* _DATA_:
◇ ◇ ◇ ◇
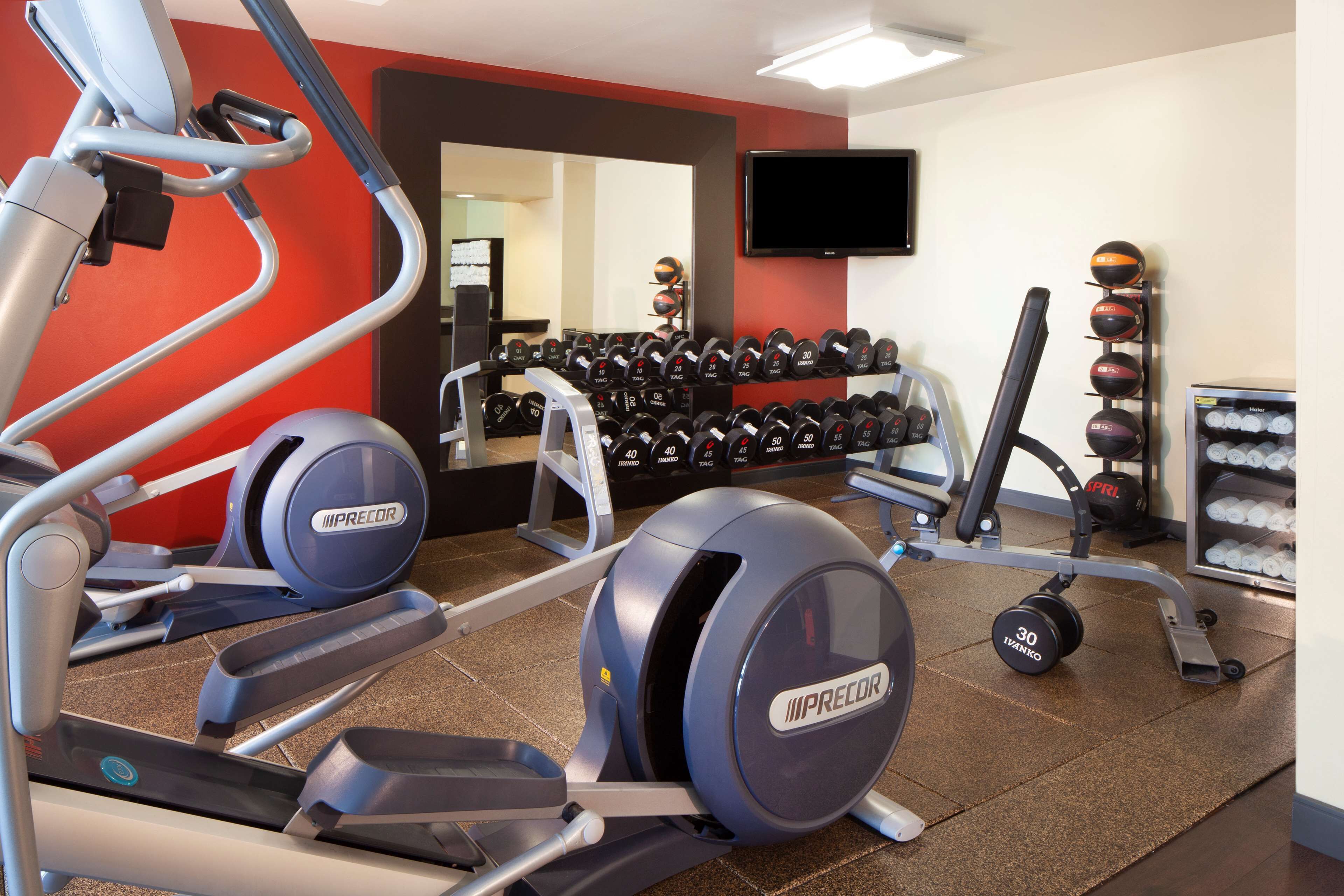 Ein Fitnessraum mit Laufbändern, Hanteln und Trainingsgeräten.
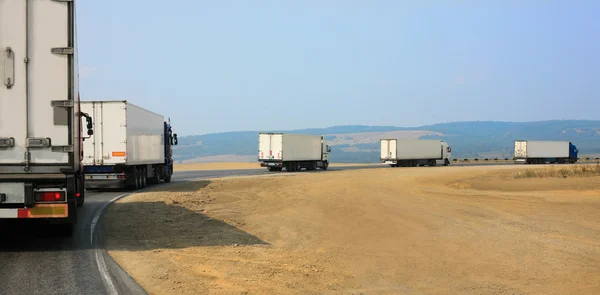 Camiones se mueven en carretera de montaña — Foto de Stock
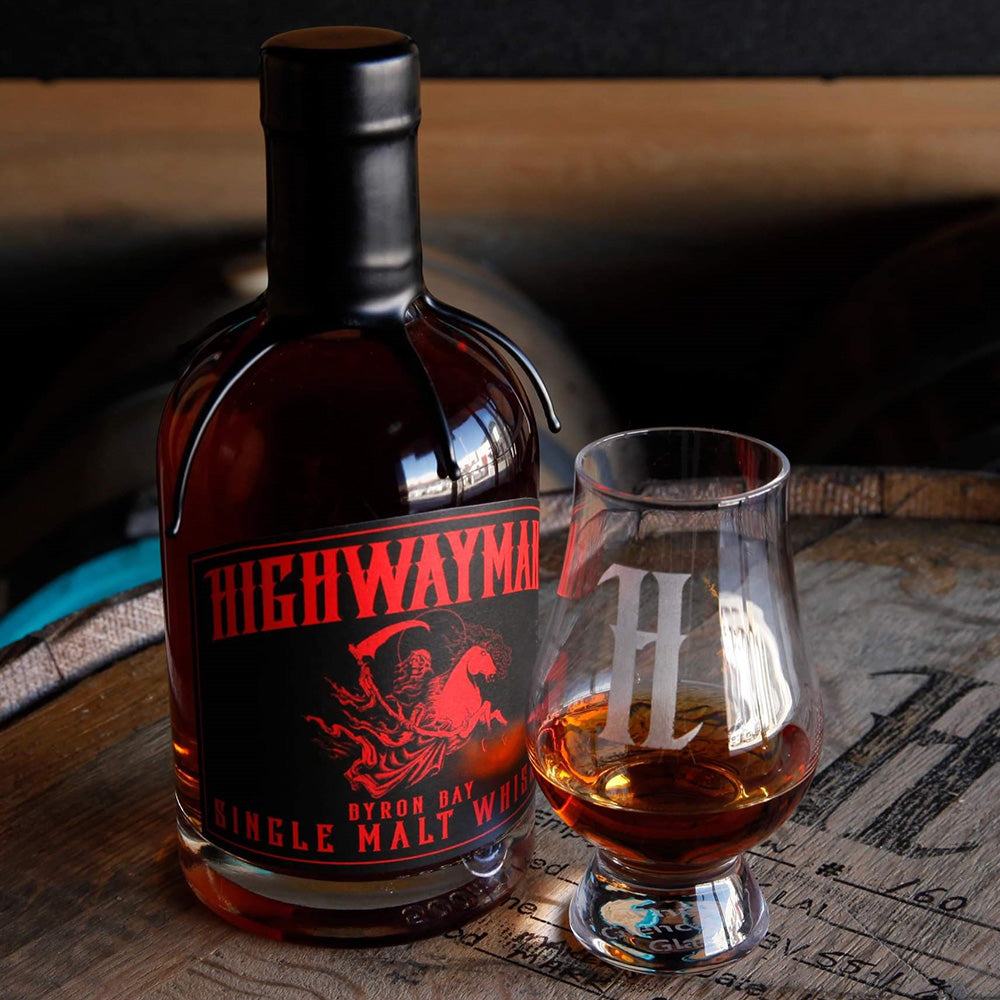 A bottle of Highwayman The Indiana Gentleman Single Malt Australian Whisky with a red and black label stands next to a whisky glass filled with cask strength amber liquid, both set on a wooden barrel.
◇ ◇ ◇ ◇
* _WHAT YOU ARE ASKED TO DO_:
For the data above, return an exact copy that contains no pictures.

* _RESULT_:
 Ein Fitnessraum mit Laufbändern, Hanteln und Trainingsgeräten.
 Camiones se mueven en carretera de montaña — Foto de Stock
 A bottle of Highwayman The Indiana Gentleman Single Malt Australian Whisky with a red and black label stands next to a whisky glass filled with cask strength amber liquid, both set on a wooden barrel.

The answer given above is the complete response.